**Records shown**
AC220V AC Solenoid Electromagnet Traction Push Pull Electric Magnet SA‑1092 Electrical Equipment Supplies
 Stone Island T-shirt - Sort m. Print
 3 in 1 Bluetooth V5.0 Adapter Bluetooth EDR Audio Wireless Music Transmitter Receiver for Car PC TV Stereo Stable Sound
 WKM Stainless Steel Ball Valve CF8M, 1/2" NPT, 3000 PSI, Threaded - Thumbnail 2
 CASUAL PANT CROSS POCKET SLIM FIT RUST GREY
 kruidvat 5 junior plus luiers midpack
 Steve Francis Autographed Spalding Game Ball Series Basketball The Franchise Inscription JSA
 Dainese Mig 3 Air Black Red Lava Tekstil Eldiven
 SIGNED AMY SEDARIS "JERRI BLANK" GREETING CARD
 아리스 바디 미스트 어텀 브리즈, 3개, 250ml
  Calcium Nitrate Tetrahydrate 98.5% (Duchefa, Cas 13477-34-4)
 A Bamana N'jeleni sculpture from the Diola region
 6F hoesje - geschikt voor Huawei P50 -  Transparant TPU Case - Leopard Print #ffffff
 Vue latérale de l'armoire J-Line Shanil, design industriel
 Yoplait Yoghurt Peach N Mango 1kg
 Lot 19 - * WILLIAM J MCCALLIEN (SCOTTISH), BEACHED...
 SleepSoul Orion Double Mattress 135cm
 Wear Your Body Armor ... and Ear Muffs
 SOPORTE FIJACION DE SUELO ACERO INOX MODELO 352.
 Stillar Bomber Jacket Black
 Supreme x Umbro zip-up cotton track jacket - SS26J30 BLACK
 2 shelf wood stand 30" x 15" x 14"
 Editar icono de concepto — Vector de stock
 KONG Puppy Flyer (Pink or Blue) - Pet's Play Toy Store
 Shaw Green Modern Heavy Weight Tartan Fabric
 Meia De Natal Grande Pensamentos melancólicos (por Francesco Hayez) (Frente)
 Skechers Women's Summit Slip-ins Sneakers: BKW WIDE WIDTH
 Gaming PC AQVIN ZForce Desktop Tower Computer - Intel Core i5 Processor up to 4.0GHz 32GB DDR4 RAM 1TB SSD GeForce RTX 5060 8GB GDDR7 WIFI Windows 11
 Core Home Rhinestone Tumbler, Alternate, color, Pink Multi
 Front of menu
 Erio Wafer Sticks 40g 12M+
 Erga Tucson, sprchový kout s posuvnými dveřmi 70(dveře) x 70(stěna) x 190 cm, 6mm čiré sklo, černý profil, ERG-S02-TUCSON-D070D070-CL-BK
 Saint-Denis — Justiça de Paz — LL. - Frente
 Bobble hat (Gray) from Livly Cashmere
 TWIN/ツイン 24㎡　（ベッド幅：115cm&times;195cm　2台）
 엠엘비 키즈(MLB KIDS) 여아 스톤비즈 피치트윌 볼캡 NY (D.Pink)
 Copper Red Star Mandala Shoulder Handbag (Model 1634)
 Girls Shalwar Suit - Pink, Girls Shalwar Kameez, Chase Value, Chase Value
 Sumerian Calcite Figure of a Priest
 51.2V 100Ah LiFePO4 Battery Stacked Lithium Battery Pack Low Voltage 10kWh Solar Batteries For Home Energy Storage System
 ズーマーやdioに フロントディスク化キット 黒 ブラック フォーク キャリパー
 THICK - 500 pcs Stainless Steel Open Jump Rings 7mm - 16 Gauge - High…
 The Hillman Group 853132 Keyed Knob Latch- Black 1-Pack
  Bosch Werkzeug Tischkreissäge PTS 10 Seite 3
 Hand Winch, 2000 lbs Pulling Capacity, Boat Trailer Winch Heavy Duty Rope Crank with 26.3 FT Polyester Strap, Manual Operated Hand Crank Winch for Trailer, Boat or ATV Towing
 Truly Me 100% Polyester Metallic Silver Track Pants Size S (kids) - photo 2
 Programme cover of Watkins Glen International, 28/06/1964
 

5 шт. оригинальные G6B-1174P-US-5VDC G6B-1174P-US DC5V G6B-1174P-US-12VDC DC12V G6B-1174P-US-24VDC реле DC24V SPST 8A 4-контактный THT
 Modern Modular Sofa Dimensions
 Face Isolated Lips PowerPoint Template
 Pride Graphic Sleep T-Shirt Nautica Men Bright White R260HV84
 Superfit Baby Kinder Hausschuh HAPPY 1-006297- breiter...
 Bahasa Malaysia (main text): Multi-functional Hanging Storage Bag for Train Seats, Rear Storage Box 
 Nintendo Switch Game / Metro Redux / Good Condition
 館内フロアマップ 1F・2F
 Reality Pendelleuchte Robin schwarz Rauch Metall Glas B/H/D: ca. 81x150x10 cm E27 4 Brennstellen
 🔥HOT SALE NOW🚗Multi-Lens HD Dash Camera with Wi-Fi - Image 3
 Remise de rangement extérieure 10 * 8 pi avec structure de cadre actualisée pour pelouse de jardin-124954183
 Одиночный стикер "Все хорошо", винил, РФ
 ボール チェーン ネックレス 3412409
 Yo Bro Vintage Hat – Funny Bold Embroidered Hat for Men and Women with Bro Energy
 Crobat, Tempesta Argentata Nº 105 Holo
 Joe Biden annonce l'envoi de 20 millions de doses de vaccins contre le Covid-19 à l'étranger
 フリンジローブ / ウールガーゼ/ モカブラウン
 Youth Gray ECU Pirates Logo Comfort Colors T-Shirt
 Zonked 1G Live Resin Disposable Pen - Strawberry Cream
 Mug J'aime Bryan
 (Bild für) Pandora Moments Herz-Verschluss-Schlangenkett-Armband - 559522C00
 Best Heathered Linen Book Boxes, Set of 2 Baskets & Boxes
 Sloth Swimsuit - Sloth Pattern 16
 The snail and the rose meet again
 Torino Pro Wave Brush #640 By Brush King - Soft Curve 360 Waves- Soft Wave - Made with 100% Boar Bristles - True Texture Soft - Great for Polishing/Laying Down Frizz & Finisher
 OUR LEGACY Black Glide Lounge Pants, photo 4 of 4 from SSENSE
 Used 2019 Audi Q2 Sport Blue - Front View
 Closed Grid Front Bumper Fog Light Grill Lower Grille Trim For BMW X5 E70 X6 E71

**Problem**
Your task is to restate, word for word, the lines from the beginning of the records to the line with "Shaw Green Modern Heavy Weight Tartan Fabric", inclusive.

**Your response**
AC220V AC Solenoid Electromagnet Traction Push Pull Electric Magnet SA‑1092 Electrical Equipment Supplies
 Stone Island T-shirt - Sort m. Print
 3 in 1 Bluetooth V5.0 Adapter Bluetooth EDR Audio Wireless Music Transmitter Receiver for Car PC TV Stereo Stable Sound
 WKM Stainless Steel Ball Valve CF8M, 1/2" NPT, 3000 PSI, Threaded - Thumbnail 2
 CASUAL PANT CROSS POCKET SLIM FIT RUST GREY
 kruidvat 5 junior plus luiers midpack
 Steve Francis Autographed Spalding Game Ball Series Basketball The Franchise Inscription JSA
 Dainese Mig 3 Air Black Red Lava Tekstil Eldiven
 SIGNED AMY SEDARIS "JERRI BLANK" GREETING CARD
 아리스 바디 미스트 어텀 브리즈, 3개, 250ml
  Calcium Nitrate Tetrahydrate 98.5% (Duchefa, Cas 13477-34-4)
 A Bamana N'jeleni sculpture from the Diola region
 6F hoesje - geschikt voor Huawei P50 -  Transparant TPU Case - Leopard Print #ffffff
 Vue latérale de l'armoire J-Line Shanil, design industriel
 Yoplait Yoghurt Peach N Mango 1kg
 Lot 19 - * WILLIAM J MCCALLIEN (SCOTTISH), BEACHED...
 SleepSoul Orion Double Mattress 135cm
 Wear Your Body Armor ... and Ear Muffs
 SOPORTE FIJACION DE SUELO ACERO INOX MODELO 352.
 Stillar Bomber Jacket Black
 Supreme x Umbro zip-up cotton track jacket - SS26J30 BLACK
 2 shelf wood stand 30" x 15" x 14"
 Editar icono de concepto — Vector de stock
 KONG Puppy Flyer (Pink or Blue) - Pet's Play Toy Store
 Shaw Green Modern Heavy Weight Tartan Fabric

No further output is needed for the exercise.